With SQL Server 2016 we have finally been able to have some form of AlwaysOn AG with SQL Server Standard edition. Quite a relief since mirroring has been deprecated. At our site we have several AlwaysOn implementations already in place on Enterprise, but not every server justifies that kind of expense. However, just because we don’t want to spend several grand on licensing doesn’t mean we can do without HA/DR. So, I repeat, it was a bit of a relief when Basic Availability Groups were released with SQL 2016.
For a recent project that required HA/DR but couldn’t justify Enterprise edition we decided to take the plunge on 2016’s Basic Availability Groups.

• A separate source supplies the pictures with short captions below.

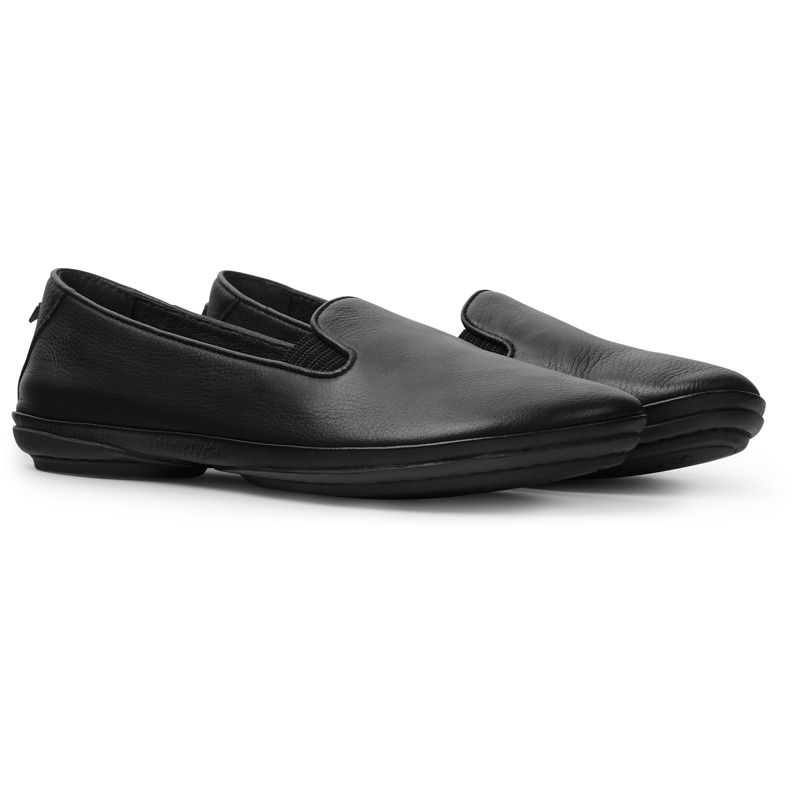 Camper Right - Ballerinas For Women - Black, Size 39, Smooth Leather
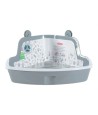 Zolux Hoektoilet Knaagdier Grijs 41,5x31x20,5cm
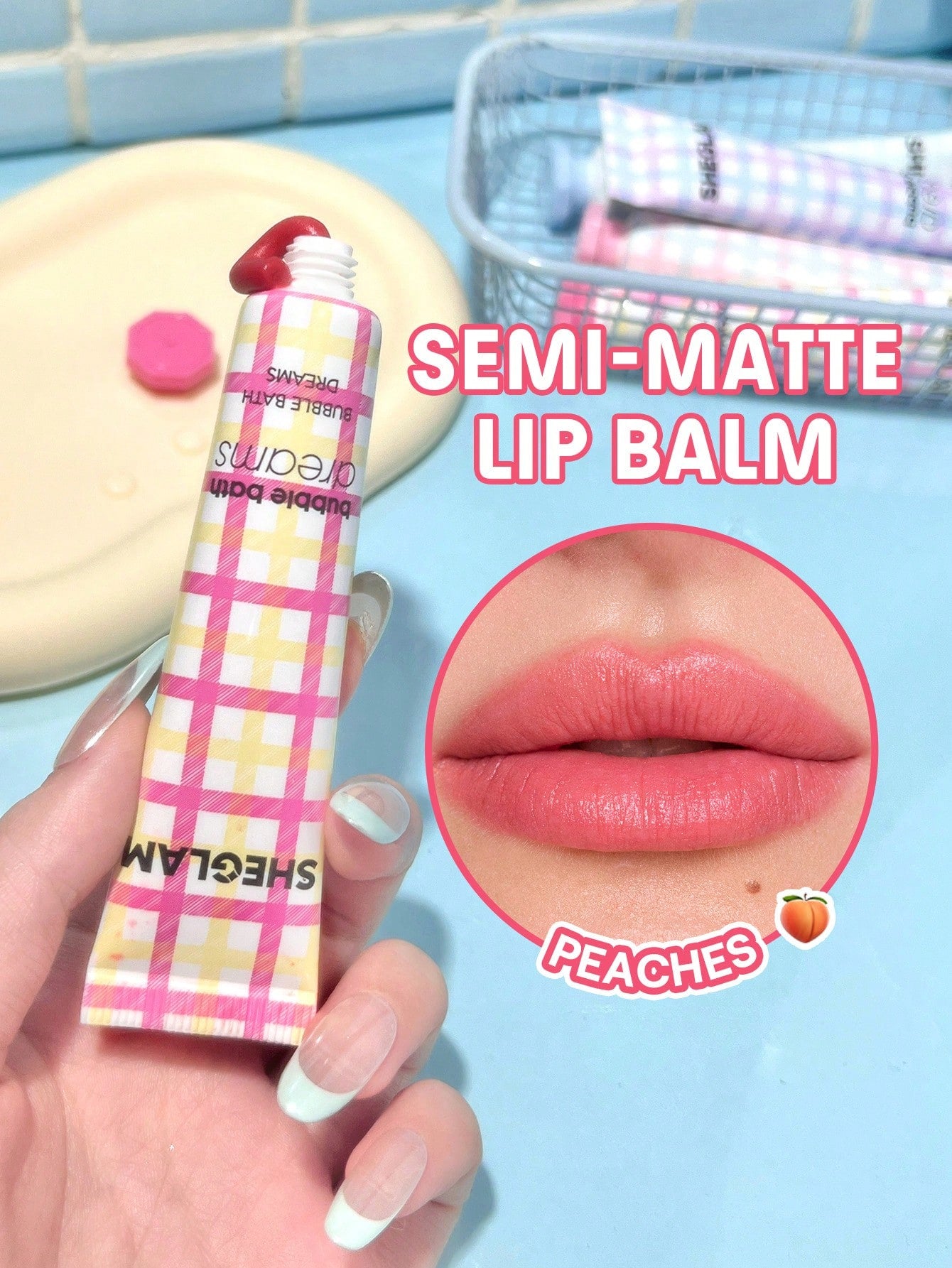 SHEGLAM Bubble Kiss Lip Balm-Peaches Brand Beauty Makeup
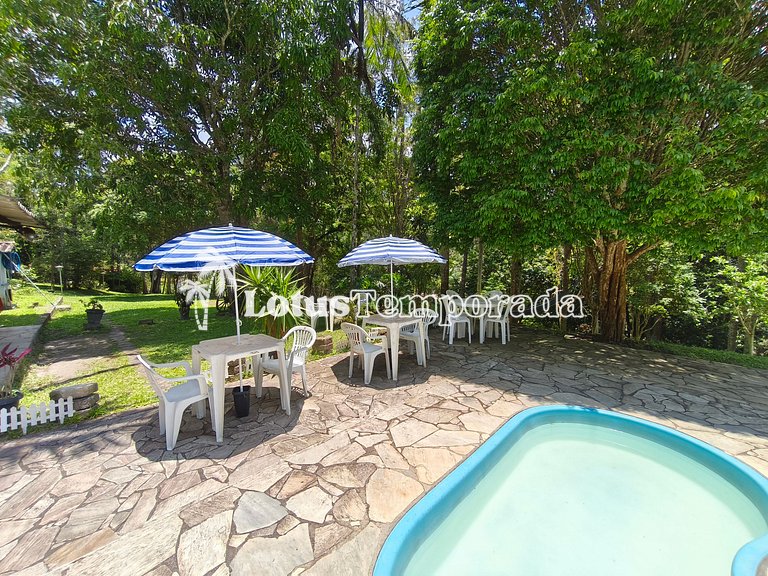 Sítio ideal para eventos com salão e lazer completo LT0083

For a quick rundown of the watered down feature set – basically what you don’t get with a Basic Availability Group (BAG) – the major points are as follows:
I find it funny that the technology is called availability groups inferring that all your protected databases can travel as a group, but the basic implementation on SQL Standard only supports one database. It’s no longer an availability group but a database with high availability. But, whatever. It’s better than nothing.
At first glance at this list of “can’t”s we thought however, this won’t work at all. One, we have four databases that support an SOA application (ignore the acronym redundancy please) – and we need to ensure that all four fail together. We don’t want to use mirroring, after all, it’s been deprecated. We do however want to remain on SQL Standard. Further, we need a listener, because our applications don’t respond well to failover-partner specifications in the connection string due to the lag time of figuring out who is in control of the pair. We’d also rather not deal with a witness.
What if we get creative? The question before the court is? Can you implement more than one BAG on a single instance that all use the same underlying cluster. Further, can you assign a listener? My thought is probably, after all, it’s just a virtual identity. But, would the other BAGs on the same pair of servers benefit if a listener were configured for just one of the BAGs. We could pick one as King BAG. Would it work?
The real world answer is yes, and yes. We just finished setting up four availability groups on a two node pair. There is a single cluster in place and all four BAG setups work just fine on that one cluster. We picked one BAG to be King BAG and configured a listener. Sure enough, all other BAGs on the instance can utilize that same listener, (like I said, it’s just a virtual identity). We just have to be careful that all primaries are always on the same node.
That leads us to the final question. How do we ensure they all travel together like a normal Enterprise Edition AG Group would (ignore acronym redundancy please).
Well, since it’s all on the same cluster, under 95 percent of the failure circumstances, the cluster will move them all – even though they are technically different AGs. For those rare cases where they might get out of sync, such as a manual move, we implemented a job that regularly checks where King BAG is. It then verifies that all other BAGs on the instance are also on the same primary instance as King BAG and if not, manually moves them. This is a running agent job that constantly checks.
Finally, this is all set up on a multi-subnet environment. One node is in one datacenter. The other node is in the other datacenter. So, a background concern if multisubnet would work with a BAG was also resolved. It does.
To be clear. It was a bit of a pain to set up. But now that it’s in place the only real perceptible difference between multiple BAGs on Standard as opposed to a single AG Group (ignore acronym redundancy please) on Enterprise is that we can’t use a read only secondary, and that our AG nodes have a few more entries in SSMS plus the overhead in management that requires on human staff. The underlying cluster still does a pretty good job of treating them like one group.
All in all, it’s pretty slick and allows us to achieve exactly what we wanted on the cheap. And, before you ask. Yes, we tested failovers. Both manual and forced (by killing the primary node).